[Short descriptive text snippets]
━━━
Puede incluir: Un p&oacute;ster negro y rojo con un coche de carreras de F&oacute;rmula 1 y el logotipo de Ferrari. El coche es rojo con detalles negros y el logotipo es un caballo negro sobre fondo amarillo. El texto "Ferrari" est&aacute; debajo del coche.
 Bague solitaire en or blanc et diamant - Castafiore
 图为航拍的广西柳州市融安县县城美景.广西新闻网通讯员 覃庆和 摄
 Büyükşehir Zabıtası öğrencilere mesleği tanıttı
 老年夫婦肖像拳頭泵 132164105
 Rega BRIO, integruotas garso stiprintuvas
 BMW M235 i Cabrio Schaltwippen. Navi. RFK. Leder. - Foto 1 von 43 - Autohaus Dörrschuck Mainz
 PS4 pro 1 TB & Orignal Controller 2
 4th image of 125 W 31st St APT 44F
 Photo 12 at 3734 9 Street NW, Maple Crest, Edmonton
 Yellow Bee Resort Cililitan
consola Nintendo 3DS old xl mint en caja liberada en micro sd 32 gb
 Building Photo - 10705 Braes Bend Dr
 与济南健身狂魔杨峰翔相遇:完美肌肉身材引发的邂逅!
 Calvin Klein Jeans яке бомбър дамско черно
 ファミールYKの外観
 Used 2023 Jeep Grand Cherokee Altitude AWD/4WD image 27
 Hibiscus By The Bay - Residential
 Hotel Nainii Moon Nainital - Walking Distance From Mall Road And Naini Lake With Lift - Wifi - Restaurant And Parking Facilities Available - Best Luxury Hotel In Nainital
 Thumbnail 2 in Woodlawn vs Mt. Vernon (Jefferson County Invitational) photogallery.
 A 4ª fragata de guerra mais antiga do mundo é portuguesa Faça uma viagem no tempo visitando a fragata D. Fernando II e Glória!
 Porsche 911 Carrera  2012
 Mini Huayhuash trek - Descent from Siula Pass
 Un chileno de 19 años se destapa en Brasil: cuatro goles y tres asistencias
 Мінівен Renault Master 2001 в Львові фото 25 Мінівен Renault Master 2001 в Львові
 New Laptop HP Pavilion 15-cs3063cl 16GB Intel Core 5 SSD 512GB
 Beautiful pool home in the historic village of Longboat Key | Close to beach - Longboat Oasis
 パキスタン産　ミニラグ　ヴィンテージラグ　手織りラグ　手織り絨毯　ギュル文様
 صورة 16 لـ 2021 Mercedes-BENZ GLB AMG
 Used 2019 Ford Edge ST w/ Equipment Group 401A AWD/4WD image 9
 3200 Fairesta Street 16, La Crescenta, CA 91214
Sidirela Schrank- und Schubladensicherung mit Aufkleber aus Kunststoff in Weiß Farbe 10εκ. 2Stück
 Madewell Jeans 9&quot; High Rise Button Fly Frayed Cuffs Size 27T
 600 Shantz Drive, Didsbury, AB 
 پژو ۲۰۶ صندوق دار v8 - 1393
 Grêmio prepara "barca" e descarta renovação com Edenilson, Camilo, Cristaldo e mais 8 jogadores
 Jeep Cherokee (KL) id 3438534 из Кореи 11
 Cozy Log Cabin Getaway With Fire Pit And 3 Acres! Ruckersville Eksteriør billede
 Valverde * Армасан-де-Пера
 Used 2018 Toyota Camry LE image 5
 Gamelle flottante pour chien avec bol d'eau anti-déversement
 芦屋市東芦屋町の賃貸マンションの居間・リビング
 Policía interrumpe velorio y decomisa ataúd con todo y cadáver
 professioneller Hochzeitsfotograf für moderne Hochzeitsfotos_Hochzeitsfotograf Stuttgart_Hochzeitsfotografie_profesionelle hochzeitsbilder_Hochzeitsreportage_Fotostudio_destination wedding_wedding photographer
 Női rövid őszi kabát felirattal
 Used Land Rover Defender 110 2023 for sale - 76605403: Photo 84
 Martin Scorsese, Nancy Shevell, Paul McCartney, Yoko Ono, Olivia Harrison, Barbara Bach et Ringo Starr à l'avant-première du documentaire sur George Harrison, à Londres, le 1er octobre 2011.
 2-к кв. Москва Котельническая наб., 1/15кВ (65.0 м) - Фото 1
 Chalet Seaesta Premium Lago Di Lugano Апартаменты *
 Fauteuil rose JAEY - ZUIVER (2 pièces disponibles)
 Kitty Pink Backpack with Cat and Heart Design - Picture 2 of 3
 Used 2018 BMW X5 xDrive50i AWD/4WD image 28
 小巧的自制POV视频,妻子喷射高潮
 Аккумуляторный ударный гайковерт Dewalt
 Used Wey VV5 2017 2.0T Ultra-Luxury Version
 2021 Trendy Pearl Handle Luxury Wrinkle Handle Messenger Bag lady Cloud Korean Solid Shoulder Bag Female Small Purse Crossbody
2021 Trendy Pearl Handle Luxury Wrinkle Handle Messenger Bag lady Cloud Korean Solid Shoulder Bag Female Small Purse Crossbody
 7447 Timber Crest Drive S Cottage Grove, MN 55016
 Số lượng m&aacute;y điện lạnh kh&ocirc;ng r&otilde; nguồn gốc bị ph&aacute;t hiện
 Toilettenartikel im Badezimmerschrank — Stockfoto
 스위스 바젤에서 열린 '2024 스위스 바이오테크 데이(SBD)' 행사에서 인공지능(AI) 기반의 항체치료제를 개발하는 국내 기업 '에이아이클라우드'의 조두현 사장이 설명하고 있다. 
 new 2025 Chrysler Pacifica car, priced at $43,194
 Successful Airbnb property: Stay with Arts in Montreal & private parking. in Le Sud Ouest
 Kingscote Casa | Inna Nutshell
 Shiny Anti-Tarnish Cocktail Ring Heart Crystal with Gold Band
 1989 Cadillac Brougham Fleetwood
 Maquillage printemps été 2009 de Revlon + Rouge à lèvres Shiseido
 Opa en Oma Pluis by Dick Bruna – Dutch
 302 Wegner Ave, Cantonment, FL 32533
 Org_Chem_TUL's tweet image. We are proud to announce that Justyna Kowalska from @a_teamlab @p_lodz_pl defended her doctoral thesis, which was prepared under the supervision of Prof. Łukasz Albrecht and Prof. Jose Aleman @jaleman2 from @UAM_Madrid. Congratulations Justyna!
━━━
## Assignment
The response must hold only the lines above from the line with "Martin Scorsese, Nancy" through the line with "Kitty Pink Backpack", each copied exactly, both ends kept.

## Exercise solution
 Martin Scorsese, Nancy Shevell, Paul McCartney, Yoko Ono, Olivia Harrison, Barbara Bach et Ringo Starr à l'avant-première du documentaire sur George Harrison, à Londres, le 1er octobre 2011.
 2-к кв. Москва Котельническая наб., 1/15кВ (65.0 м) - Фото 1
 Chalet Seaesta Premium Lago Di Lugano Апартаменты *
 Fauteuil rose JAEY - ZUIVER (2 pièces disponibles)
 Kitty Pink Backpack with Cat and Heart Design - Picture 2 of 3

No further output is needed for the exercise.